Overview
DR.Kernel-8B-ColdStart Overview
The hkust-nlp/drkernel-8b-coldstart is an 8 billion parameter model based on the Qwen3 architecture, developed by hkust-nlp. It represents the cold-start supervised fine-tuning (SFT) checkpoint for the DR.Kernel project, focusing on generating structured kernel-optimization responses. This model is trained exclusively on multi-turn SFT data from the hkust-nlp/drkernel-coldstart-8k dataset, which teaches kernel-generation and refinement behaviors.
Key Capabilities & Purpose
- Structured Kernel Optimization: Specializes in producing optimized kernel code, particularly for Triton kernels, by transforming existing PyTorch operators.

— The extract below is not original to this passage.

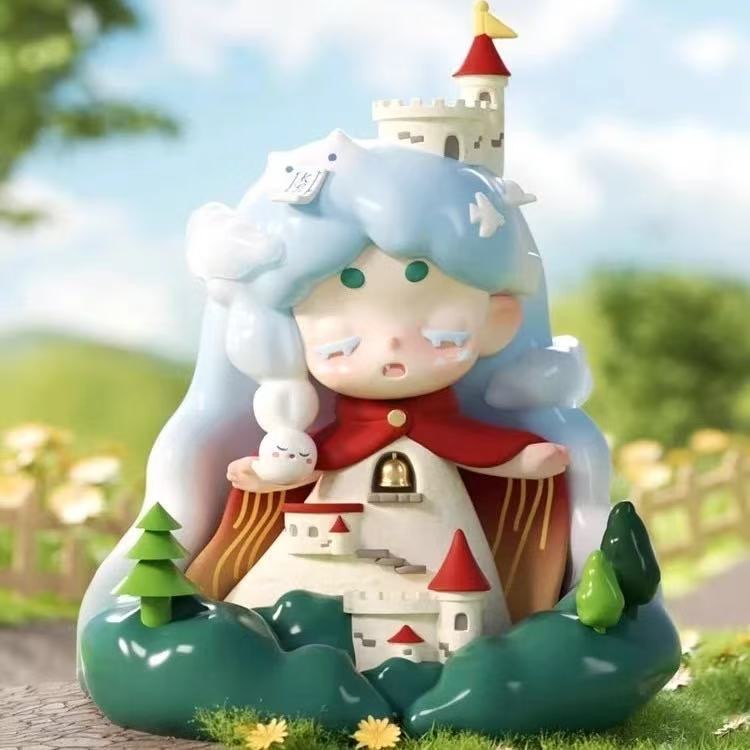 Keeno Mysterious Treasure Series V2 PVC Figures, Blind Box - POPBOXSS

- Initialization for RL: Designed as the foundational checkpoint for subsequent reinforcement learning (RL) stages (TRLOO, MRS, PR, PRS) within the DR.Kernel framework.
- Strong SFT Baseline: Provides a robust supervised fine-tuning baseline for tasks involving kernel generation and optimization.
- Ablation Studies: Useful for researchers conducting ablations to compare performance between cold-start and post-RL checkpoints.
Intended Use Cases
- RL Training Initialization: The primary use is to serve as the starting point for DR.Kernel's reinforcement learning training.
- Kernel Generation Baseline: Can be used as a strong SFT model for generating optimized Triton kernels.
- Research & Development: Ideal for experimental setups and comparative analysis in kernel optimization research.
This model does not include the final performance claims of the full DR.Kernel RL results and is not intended for safety-critical production deployment without further verification.